December 14, 2009

A Drunken Christmas Part II, with Tragedy and a Recipe

Strangely, I found another piece of lore about Christmas that involves drunken sailors. It's tragic, but oddly also includes a recipe.

On Christmas night 1778, a powerful snowstorm struck Massachusetts. Plymouth was particularly hard hit, and the ships at anchor there had to make a hard decision: stay in Plymouth Harbor and possibly get wrecked ashore, or try to ride out the storm in the open sea where the weather might be even worse. James Magee, the captain of a ship called the General Arnold, decided to stay in Plymouth Harbor.

Unfortunately, it was the wrong decision. The ship was driven onto a sand flat and broken in two by the violent storm.

Captain Magee and his 105 men were trapped on the flat for more than four days, buffeted by winds and drenched by freezing waves. He urged his men to fill their boots with brandy to prevent their feet from freezing. The crew had another idea - they used the brandy to fill their bellies instead.
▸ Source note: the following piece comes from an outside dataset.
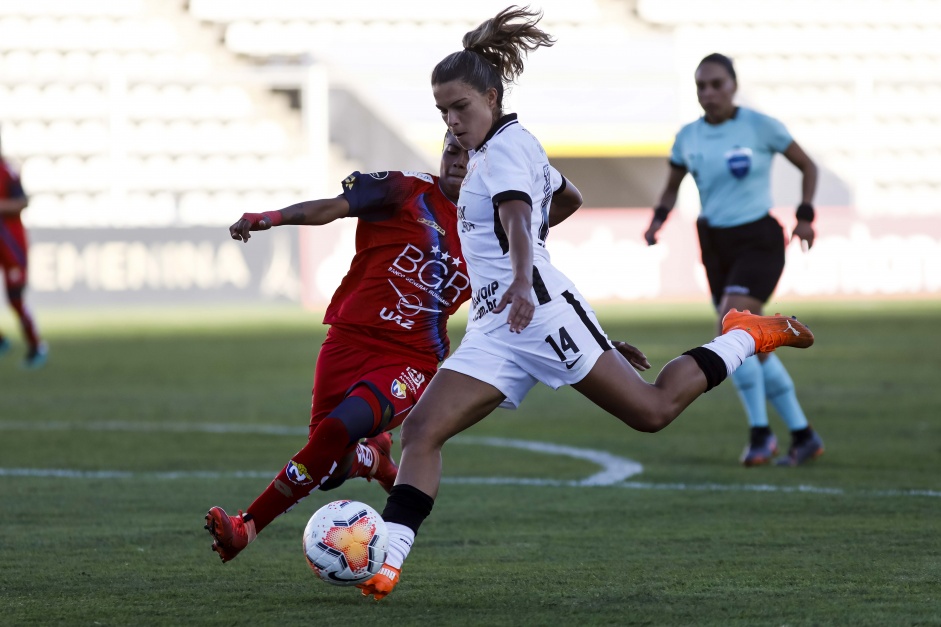 Tamires na estreia da Libertadores Feminina contra o El Nacional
Unfortunately, it was the wrong decision. Eighty-three of the crew members froze to death. Many others were severely crippled.

Captain Magee wasn't among them. He went on to become a prosperous merchant, eventually buying the Shirley-Eustis House , the former Massachusetts governor's house in Roxbury. He never forgot that deadly Christmas night in Plymouth Harbor, though, and would host a Christmas party every year for invite the surviving crew members and the widows and children of those who had perished.

According Amy Whorf McGuiggan's Christmas in New England (where I found this story), the Shirley-Eustis House museum used to recreate Captain Magee's party each December, serving authentic food and beverages from the 18th century. So, for a little holiday cheer after a melancholy story, here is the recipe McGuiggan provides for Captain Magee's Eighteenth-Century Fish House Punch*. Consume this in moderation!

Mix together the juice of 12 lemons (1 1/2 cups) and several spoonfuls powdered sugar.
Add 1 1/2 quarts brandy
1 pint peach brandy
1 pint rum
1 quart carbonated water
1 quart brewed tea
Add more tea, lemon juice, or water to taste.
Stir well and add slices of oranges.
Serves 18.

*Apparently, Fish House Punch was first invented in Pennsylvania in the early 1700s.

P.S. - The Boston Globe today printed a piece by Stephen Nissenbaum, the author of The Battle for Christmas, which I've mentioned before. In it, he describes what Christmas was like in old New England. The comments posted online about his article are surprising - I guess people don't like hearing their ancestors were drunken, raucous and sometimes irreligious.

1 comment:

Rich Clabaugh said...

Thanks for the post Peter! Sounds like an interesting beverage!